Der höchste Polizeibeamte des Landes steht wegen des Vorwurfs sexueller Nötigung vor Gericht. Sein Anwaltsteam verfolgt eine klare Strategie.

In Gerichtssälen wird für gewöhnlich viel gefragt und geantwortet. Doch im Prozess gegen Andreas Renner, den Inspekteur der Polizei in Baden-Württemberg, wegen sexueller Nötigung ist am Freitag mehrere Stunden lang geschwiegen worden, und so geht es auch am Dienstag, dem zweiten Verhandlungstag, zunächst weiter. Denn die Kammer wird weitere Videos aus einer Cannstatter Kneipe zeigen, die aus der Nacht stammen, in der es laut einer Polizeibeamtin zu dem Übergriff gekommen sein soll. Während der ersten Vorführung von Aufnahmen aus diesem Lokal war es am Freitag still geblieben. Ausgesagt hat an diesem ersten Tag die Kommissarin, die den Inspekteur angezeigt hat.

 

Hatte die Frau berufliche Nachteile zu befürchten?

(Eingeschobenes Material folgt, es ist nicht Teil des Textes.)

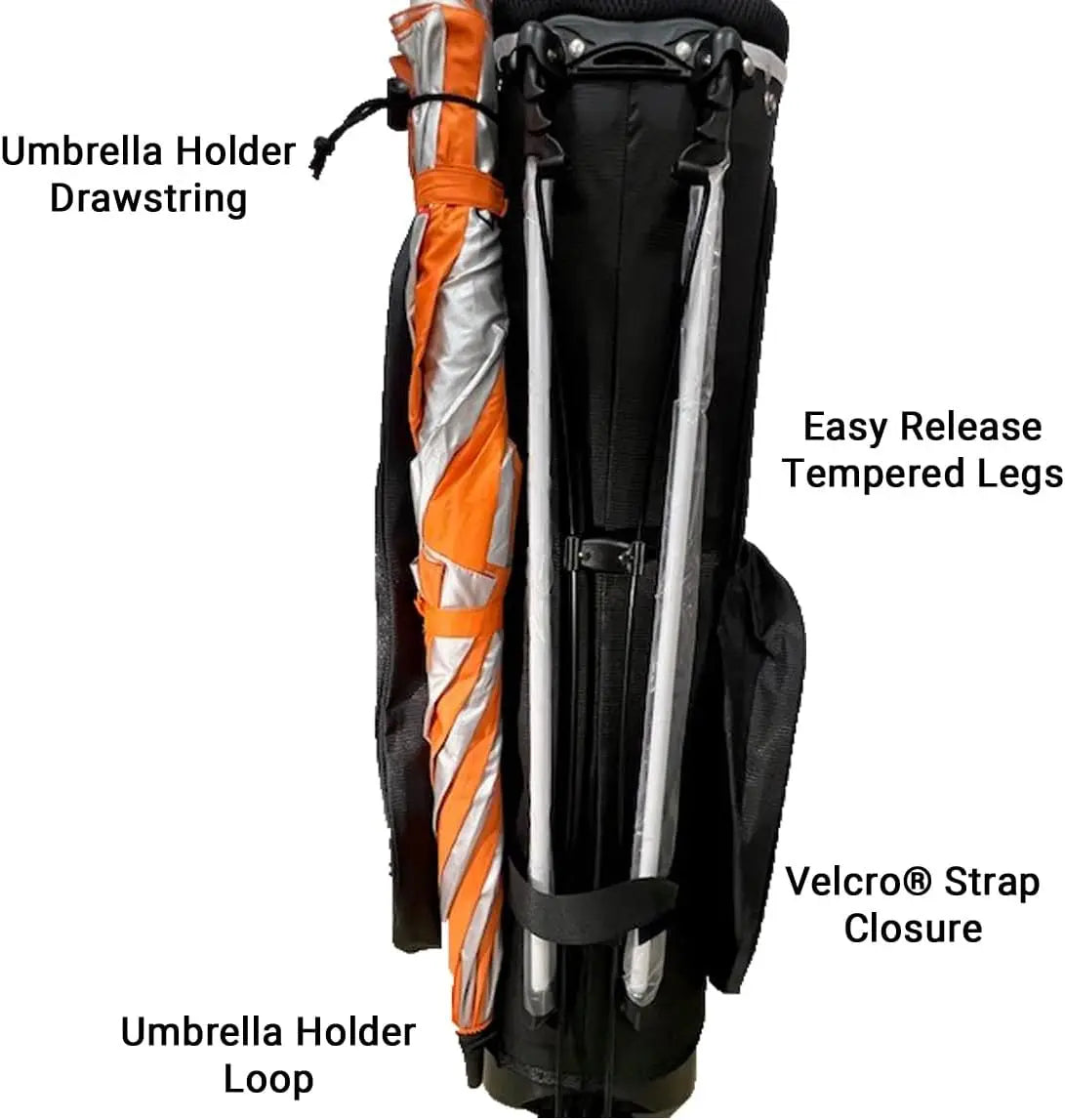 14-Way Stand Golf Bag with Carry Handle and Pockets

Dem Inspekteur wirft die Anklage vor, in der Nacht vom 12. auf den 13. November in und vor dieser Kneipe eine 34 Jahre alte Kommissarin, die sich für den höheren Polizeidienst bewerben wollte, zu sexuellen Handlungen genötigt haben. Er soll sie in der Kneipe geküsst haben. Bei einem kurzen Gang an vor die Tür des Lokals soll er sie zudem gedrängt haben, ihn im entblößten Intimbereich anzufassen. Die Frau gab hinterher zu Protokoll, sie habe sich dagegen nicht gewehrt, weil sie berufliche Nachteile befürchtet hatte. Der Inspekteur ist schließlich der höchste Polizeibeamte im Land, und er hatte über die anstehende Bewerbung der Frau auf einen Studienplatz für den höheren Dienst mitzuentscheiden. Die Verteidigung will einen Freispruch erreichen.

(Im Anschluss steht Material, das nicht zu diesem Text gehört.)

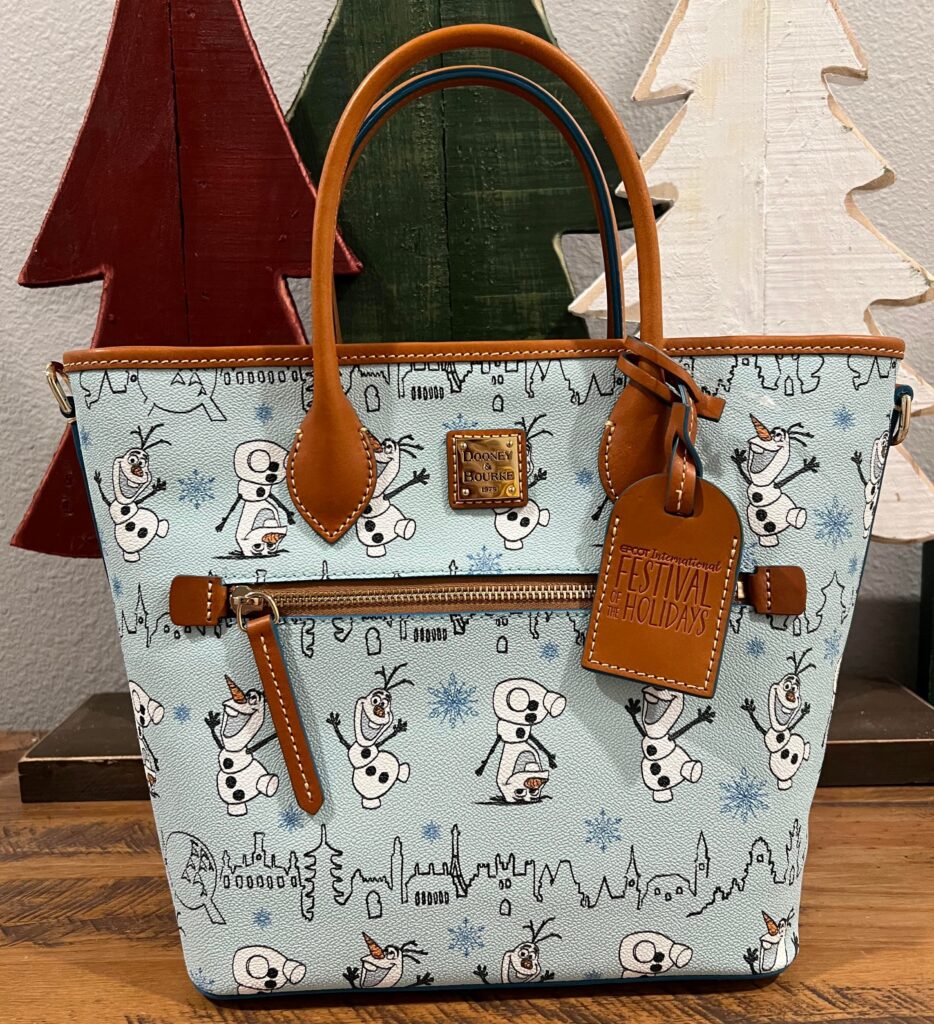 Olaf Frozen 2022 Tote by Disney Dooney & Bourke - EPCOT International Festival of the Holidays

Am ersten Verhandlungstag ist im öffentlichen Teil der Sitzung noch nicht viel verhandelt worden, aber einiges geschehen. So hatte die Verteidigung eine Erklärung im Namen ihres Mandanten Andreas Renner vorbereitet. Weil diese aber auch Details enthielt, die das Intimleben der Frau betrafen, trugen Ricarda Lang und ihr Team sie hinter verschlossenen Türen vor – die Öffentlichkeit war ausgeschlossen. Doch noch während die Verhandlung lief, waren Inhalte der Erklärung jedoch im Internet auf einer Nachrichtenseite nachzulesen gewesen. Unter anderem sei darin die Polizistin der Lüge bezichtigt worden. Die Initiative für die Küsse und Intimitäten, die schon vor der Überwachungskamera in der Eckkneipe stattgefunden hatten, seien von der Kommissarin ausgegangen, den Vorgesetzten treffe keine Schuld. Das gelte auch für den Übergriff vor dem Lokal, während dem der Inspekteur auch uriniert haben soll.

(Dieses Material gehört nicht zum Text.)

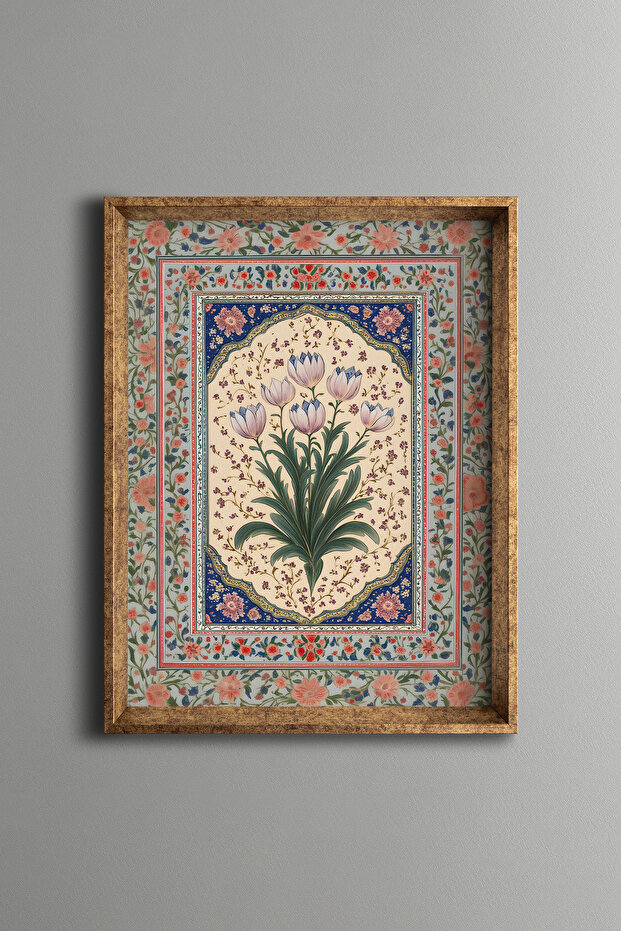 نمط الزهرة - إطار مزخرف بنقشة عتيق - 1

Am Ende des ersten Teils der Videos aus der Kneipe tat die Anwältin Ricarda Lang ihre Einschätzung kund: „Keinerlei strafbare Handlung“ habe sie da entdecken können. Sie ging noch weiter. Als der Vorsitzende Richter der 5. Großen Strafkammer sagte, man werde am Dienstag nicht den ganzen Tag verhandeln können, da einer der Anwälte aus Renners Team am Nachmittag einen weiteren Termin habe, und er deswegen die für diesen Tag vorgesehenen Zeugen abgeladen habe, merkte die Verteidigerin an: „Vielleicht brauchen wir die auch gar nicht mehr.“ Ihrer Ansicht nach reichen offenbar die bislang bekannten Tatsachen aus, um einen Freispruch für ihren Mandanten zu fordern.